I was in my late twenties when I accidentally drew something worth looking at, scrawled with a pen on lined paper while I daydreamed. No-one was more surprised than I. I started drawing a lot more… trying to capture at least the essence of the ideas I would have liked to paint. It didn’t even occur to me to try.
It wasn’t until I was in my late thirties before a friend.. a nurse… gave me a set of oils and canvas for my birthday with instructions to have a go. It provided a way of escape from a house I never left during my partner’s final illness and it kept me sane. The canvases piled up and my son suggested I take them to the school fete to sell. He nagged… young children do not see the insecurities of parents… and finally I gave in, feeling both timorous and audacious. They weren’t exactly great works of art. I was a beginner. Yet they sold.
Then I was actually asked to paint…a proper commission and it escalated from there; emotions, fantasies and dreams smeared on canvas and walls, and some of the commissions were bigger than I could have dared dream. Especially knowing all too well how much technique I lacked and acutely conscious of the holes in both skill and talent. Even so, it appeared to be going somewhere. My confidence grew.

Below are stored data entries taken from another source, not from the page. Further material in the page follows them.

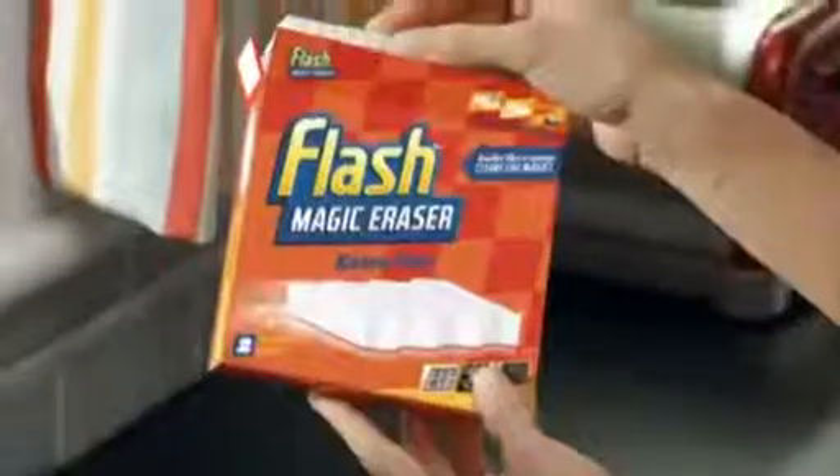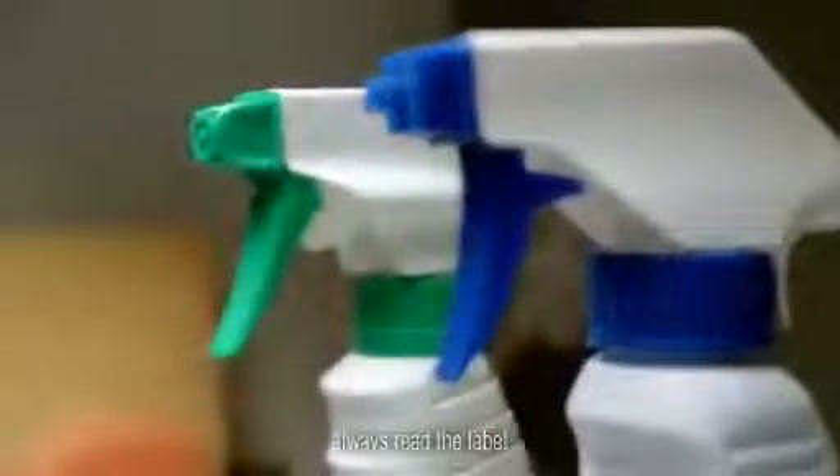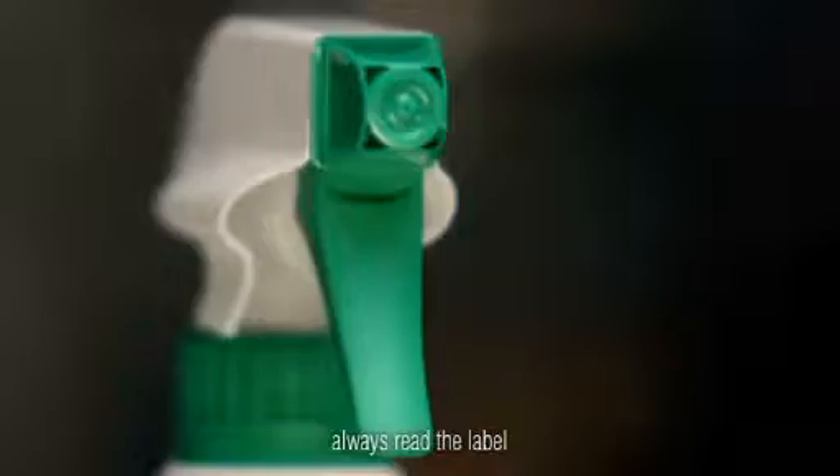Come and have a look at this, the magic eraser. What's magic about it? Just a wet sponge, isn't it? No, he's a wizard, making dirt disappear in front of your very eyes.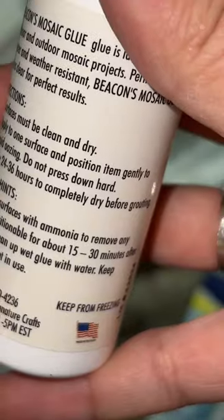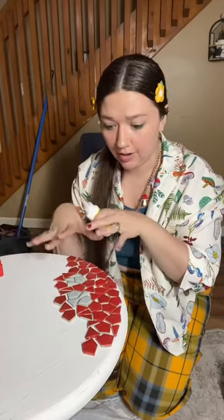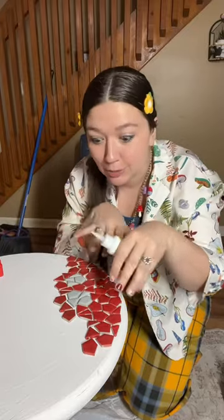It says that it's repositionable for 15 to 30 minutes after placing. So maybe if I can get this down fast enough, I can actually reposition it to where they have the right amount of space in between each tile.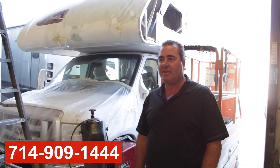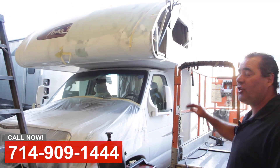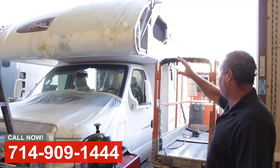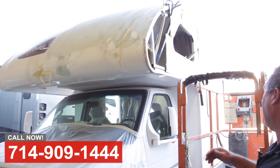Hi, this is Art with OCRV. We're over at the body shop today to show you a few projects we got going on. Don't let this happen to you. So obviously they hit an overhang on their little Class C and just crushed the over-cab of their nice newer Class C coach.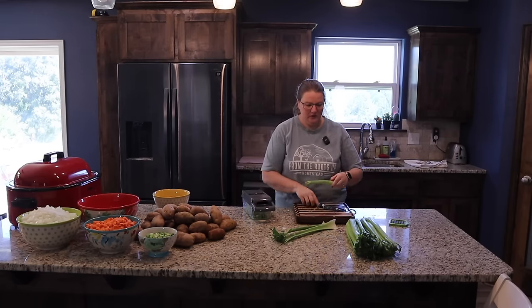Just a couple things left tonight: Lance is working on cooking the bacon, these three chickens need to get shredded — we'll shred those and bag them up tonight and then cook the other three chickens in the morning and get started again.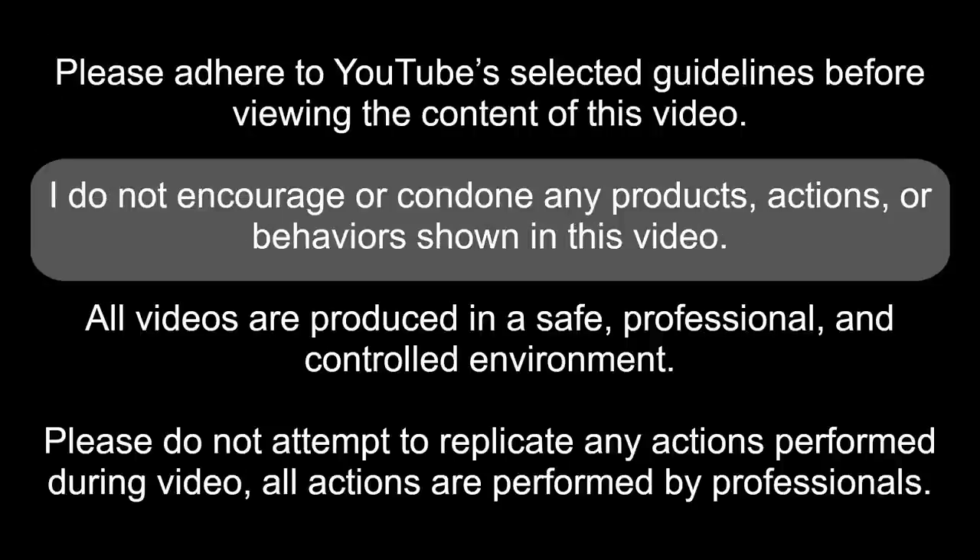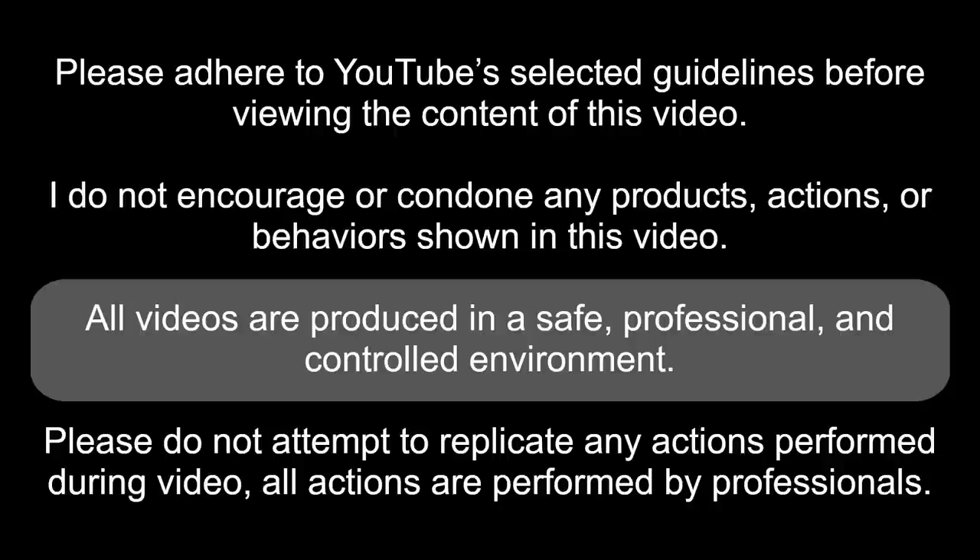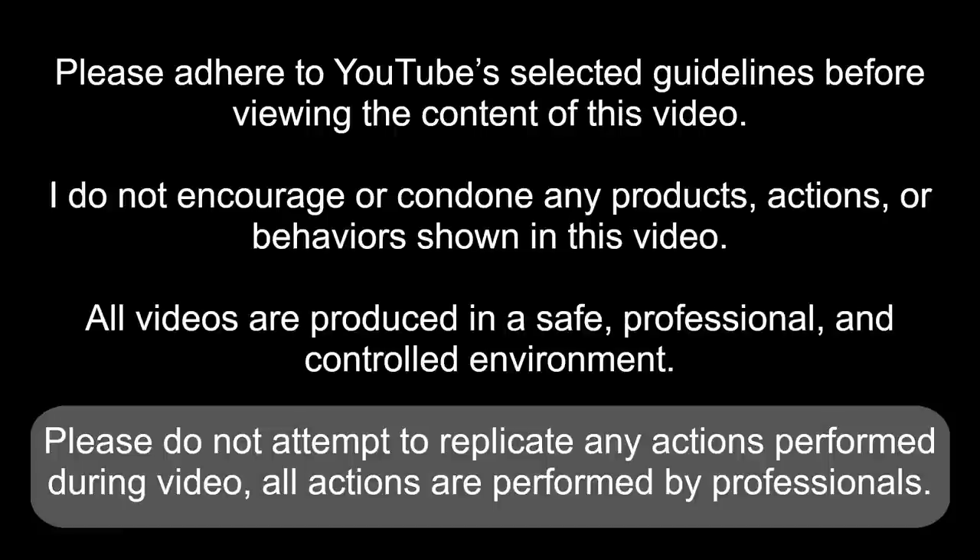Please adhere to YouTube's selected guidelines before reviewing the content of this video. I do not encourage or condone any products, actions, or behaviors shown in this video. All videos are produced in a safe, professional, and controlled environment. Please do not attempt to replicate any actions performed during the video. All actions are performed by professionals.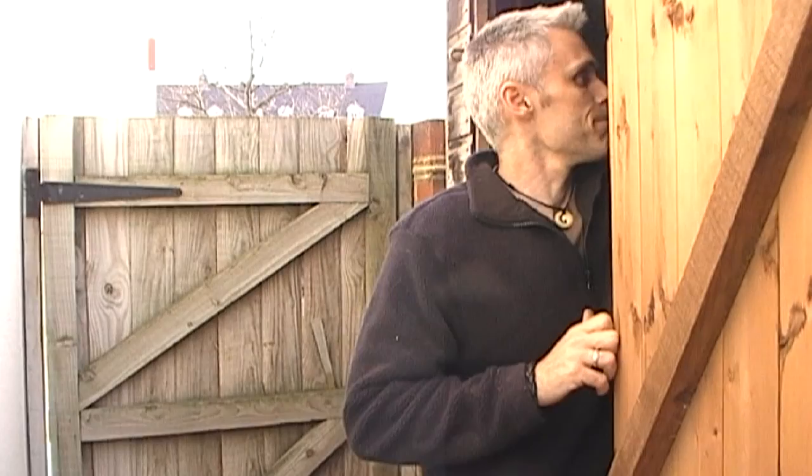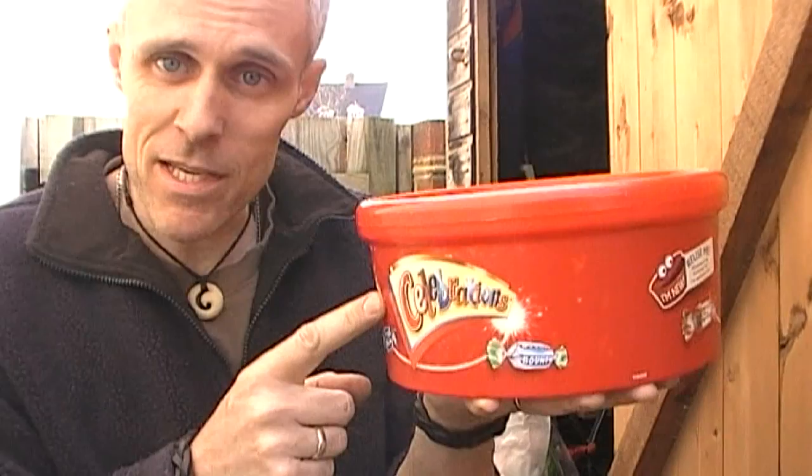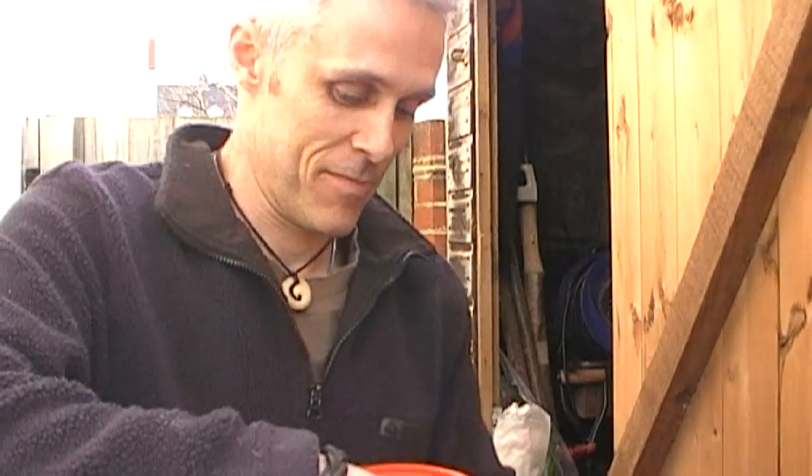One last thing — if ever you are around my house and you fancy a snack, don't always look into biscuit tins. I say a biscuit tin because I keep my biscuits in one of these celebrations tins, but this one doesn't contain biscuits.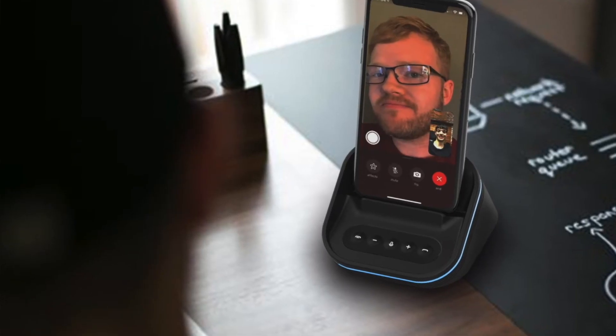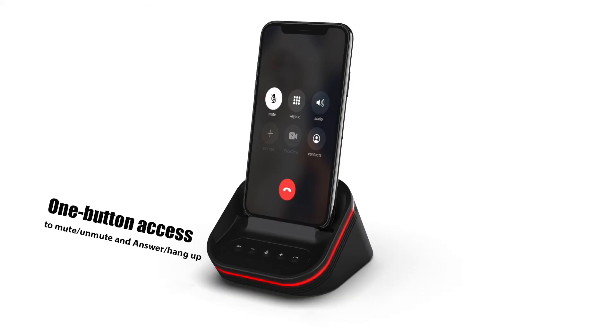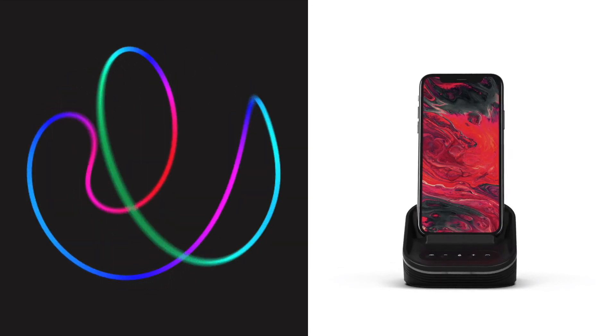The mobile phone has a perfect angle for video calls. The button gives you access to mute or unmute, answer or hang up, and music play or pause functions. So you can now turn your mobile phone into a conferencing system that fills any meeting room.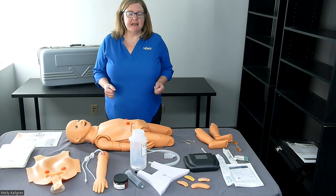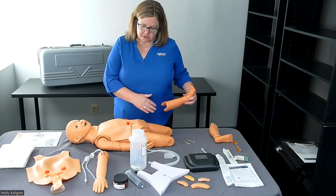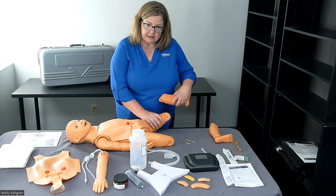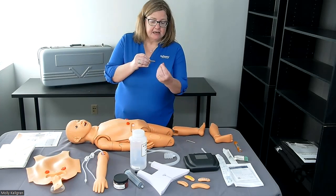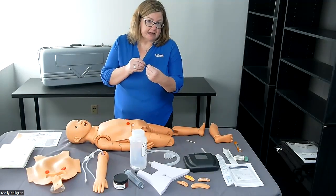Now that we've unboxed the pediatric nursing mannequin, let's go ahead and take the first step, which is to attach the lower leg to the rest of the torso. We'll do that by sliding the leg over the stump and lining up the holes that are located on both parts. Once we line up the holes, we'll insert the connector pin and then fit the screw on the other end and tighten using a flathead screwdriver.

One of my proudest moments was when my son came home for the weekend and asked if he could take one of my paintings away with him, because he really liked it. A few weeks later, the painting was on his locker in the hospital ward as we waited to see if he would wake from the coma. Painting took a back seat. Private commissions continued from time to time, but I no longer moved in a world that smelled of turpentine.
Instead I taught the youngsters that passed through my home. Many of them were troubled in one way or another… it seems many of our children are these days… and the drug culture is rife. We would set up canvases side by side and I would show them how to make a painting they could be proud of in a single session. Something they could take home and with which they could surprise and delight their parents. And I watched as their shoulders straightened. But teaching them, I learned far more than I taught, which is perhaps how it should be.
In explaining techniques I learned to understand them, even if their execution is still far from perfect. I learned how being given the chance to shine for a moment can change a young life by building a sense of self-worth and belief in their own possibilities. And I learned what makes the difference for me between just making a painting and art. It is all about soul and what is poured onto a canvas, filling it with a light and colour that reflects what is in the inner heart.
Of all the lucky breaks I had with painting, this was the one that meant the most to me and the one from which my own confidence grew. It is, I think, often the way that when we give without seeking, something grows in the soul. What I lacked in skill and technique no longer mattered. The canvas, I began to understand, like the page, is my domain… my imagination can run riot and I can dream in paint a world coloured the way I feel it. Like a child.